Generally, the root of the PCI(e) bus hierarchy is going to be found
at /sys/devices/pci0000:00
. Given an understanding of PCIe
addresses, we can see that 0000:00 is the
usual domain and starting PCIe bus number. In this directory are a
whole bunch of subdirectories, named after the full PCIe bus address
of each device, so you get directories named things like '0000:00:03.2
'.
If you take of the leading '0000:', this corresponds to what 'lspci
-v
' will report as device 00:03.2. For PCIe devices that act as
bridges, there will be subdirectories for the PCIe devices behind
the bridge, with the full PCIe address of those devices. So in my
office machine's current PCIe topology, there
is a '0000:0b:00.0
' subdirectory in the 0000:00:03.2
directory,
which is my second NVMe drive behind the 00:03.2 PCIe bridge.
(And behind 0000:00:03.1
is my Radeon graphics card, which actually
has two exposed PCIe functions; 0000:0a:00.0
is the video side,
while 0000:0a:00.1
is 'HDMI/DP Audio'.)
There are a number of ways to use this /sys
information, some of
which are for future entries. The most obvious use is to confirm
your understanding of the topology and implied PCIe bus addresses
that 'lspci -tv
' reports. If the /sys
directory hierarchy matches
your understanding of the output, you have it right. If it doesn't,
something is going on.
The other use is a brute force way of finding out what the topology
of a particular final PCIe device is, by simply finding it in the
hierarchy with 'find /sys/devices/pci0000:00 -name ..
', where the
name is its full bus address (with the 0000: on the front). So, for
example, if we know we have an Ethernet device at 06:00.0, we can
find where it is in the topology with:
; cd /sys/devices/pci0000:00 ; find . -type d -name 0000:06:00.0 -print ./0000:00:01.3/0000:02:00.2/0000:03:03.0/0000:06:00.0
(Using '-type d
' avoids having to filter out some symlinks for
the PCIe node in various contexts; in this case it shows up as
'0000:00:00.2/iommu/ivhd0/devices/0000:06:00.0'.)
This shows us the path through the PCIe topology from the root, through 00:01.3, then 02:00.2, then finally 03:03.0. This complex path is because this is a device hanging off the AMD X370 chipset instead of off of the CPU, although not all chipset attached PCIe devices will have such a long topology.

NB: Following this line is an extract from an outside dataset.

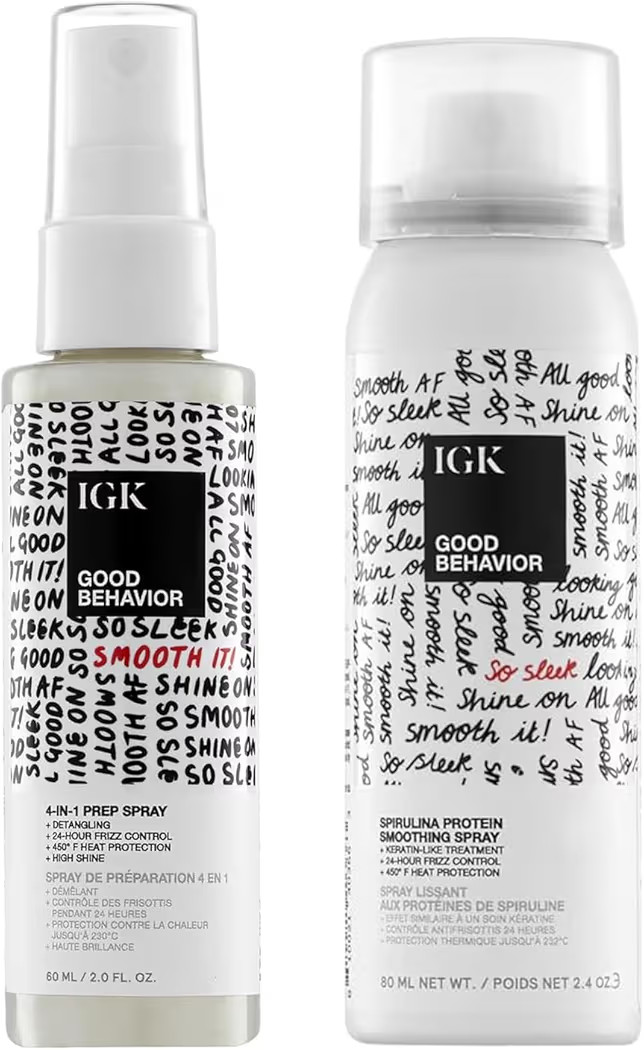 IGK GOOD BEHAVIOR Smoothing Frizz Fighters Travel Set | 4-in-1 Prep Spray + Spirulina Protein Smo... | Amazon (US)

Until I looked at the lspci
manpage more carefully, I was going
to say that this was the easiest way to go from a PCIe bus address
to the full path to the device with all of the PCIe bus addresses
involved. However, it turns out that in sufficiently modern versions
of lspci
, 'lspci -PP
' will report the same information in a
shorter and more readable way:
; lspci -PP -s 06:00.0 00:01.3/02:00.2/03:03.0/06:00.0 Ethernet controller: Intel Corporation 82572EI Gigabit Ethernet Controller (Copper) (rev 06)
Unfortunately the version of lspci
on our Ubuntu 18.04 machines
is not sufficiently modern; on those machines, a find
remains the
easiest way. You can do it from the output of either 'lspci -tv
'
or 'lspci -v
', as described in an earlier entry, but you have to do some manual work to
reconstruct all of the PCIe bus addresses involved.